Perhaps I have not been quite accurate in my introduction. When I said it as one the houses in the street that was unusual in that it didn't have a blue plaque. Well that's not strictly true. It had one for one day when the pressure group Led by Donkeys erected it. This unassuming house has been the target of protests and vandalism both political and enviromental pressure groups on numerous occasions.
Why? Because quite frankly it's full of cunts.
It may not have a blue plaque but what is does have is a hand in the corridors of power, and occupants with a covert agenda that their former neighbour Eleanor Rathbone would certainly not approve of. Behind its modest exterior lies a network of think tanks, lobbying groups and financial backers. Thanks to their tangled links to the establishment they have with a remarkable ability to shape policy, sway public opinion, and exert control over elected officials. From its interference in the Brexit debate to its role in the political rise of Liz Truss, 55 Tufton Street has become a central hub in the ideological battles that have defined modern British politics.
Pressure Group 'Led by Donkeys' celebrating Tufton Street's role in Lizz Truss crashing the economy.
55 Tufton Street is home to a cluster of right-wing think tanks and pressure groups. Among the most influential are the TaxPayers' Alliance, the Institute of Economic Affairs (IEA), the Adam Smith Institute, and the Centre for Policy Studies (CPS). These organisations, though independent, have been shown to operate as key drivers of neoliberal economic policies, advocating for tax cuts for the wealthy, deregulation, and the dismantling of public services.
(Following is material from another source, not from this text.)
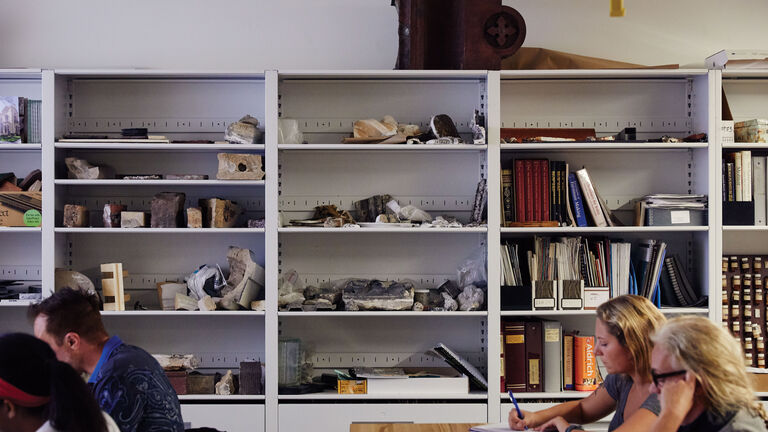 Students working in a classroom with various pieces on a series of shelves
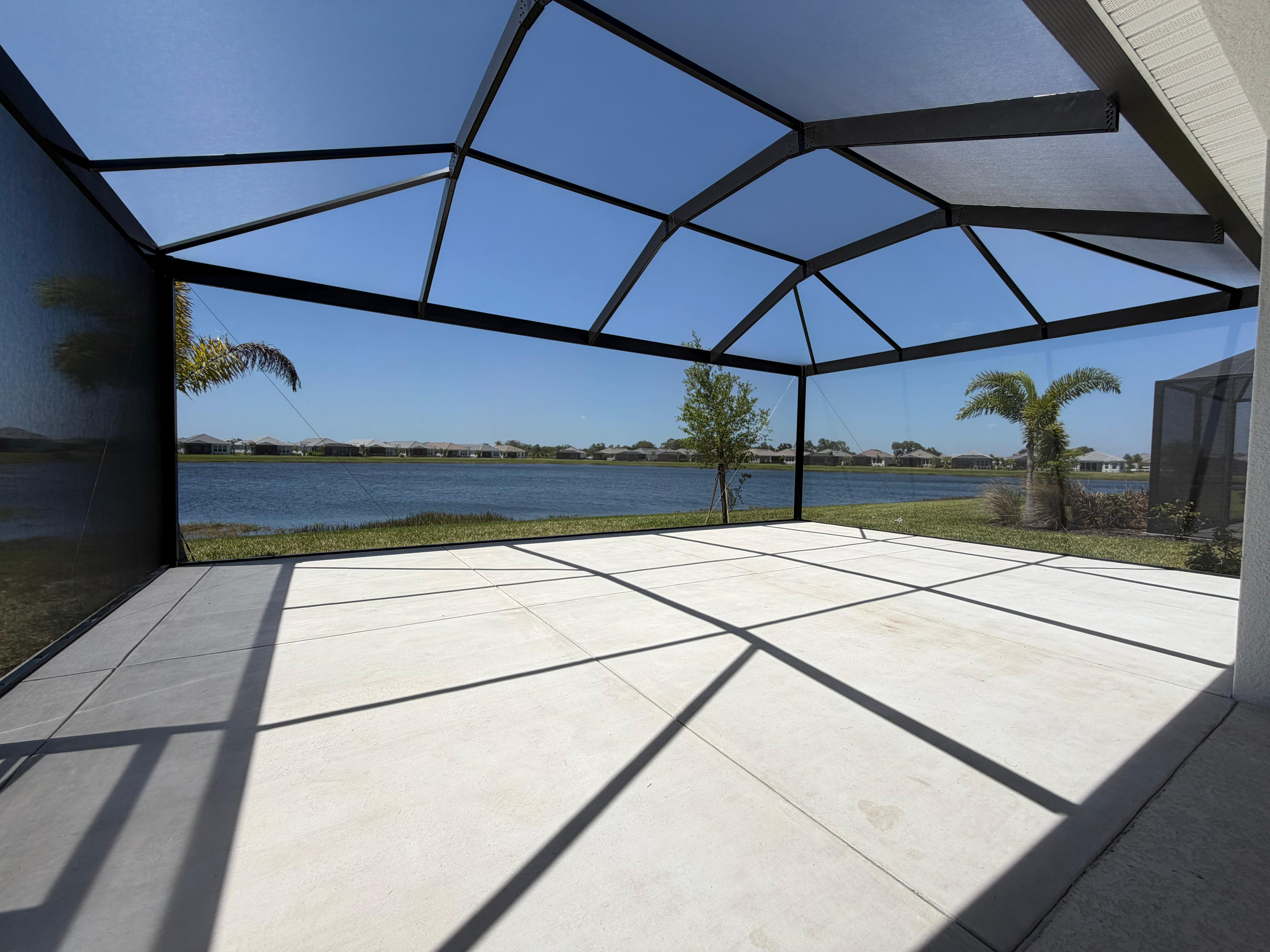 Interior view of a lakefront panoramic bird cage in Parrish, Florida — featuring a mansard roof, 20/20 screen mesh, and oversized aluminum posts. Built by Top Tier Home Building Solutions (#CGC1527718).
They have received significant funding from wealthy individuals, corporate donors, and private interests, which has raised questions about the extent to which these groups represent the broader public interest. While these think tanks claim to operate in the public interest, their activities often only benefit a small group of wealthy backers. The connections between 55 Tufton Street’s think tanks and corporate donors, particularly those from industries like oil, tobacco, and finance, paint a clear picture of who stands to gain from the policies they advocate. These groups push for policies that directly align with the interests of their financial sponsors, often at the expense of the broader public. Their influence on government policy, particularly in economic and environmental matters, has been profound, shaping much of the political discourse over the last decade.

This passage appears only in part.